■ Data
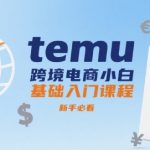 TEMU跨境电商新手零基础速成秘籍：立即上手爆单终极指南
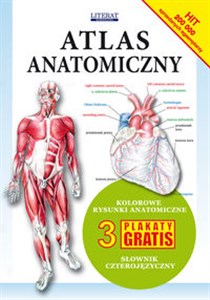 Bild von Atlas anatomiczny Kolorowe rysunki anatomiczne. 3 plakaty gratis. Słownik czterojęzyczny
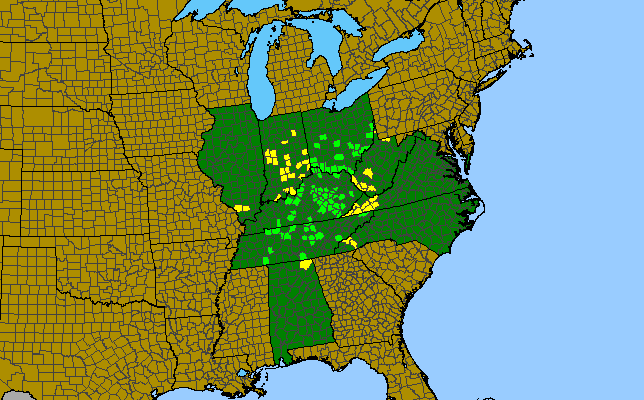 The range of Synandra hispidula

■ What you will do
Omit the pictures and repeat the rest of the listing verbatim.

■ Solution below
 TEMU跨境电商新手零基础速成秘籍：立即上手爆单终极指南
 Bild von Atlas anatomiczny Kolorowe rysunki anatomiczne. 3 plakaty gratis. Słownik czterojęzyczny
 The range of Synandra hispidula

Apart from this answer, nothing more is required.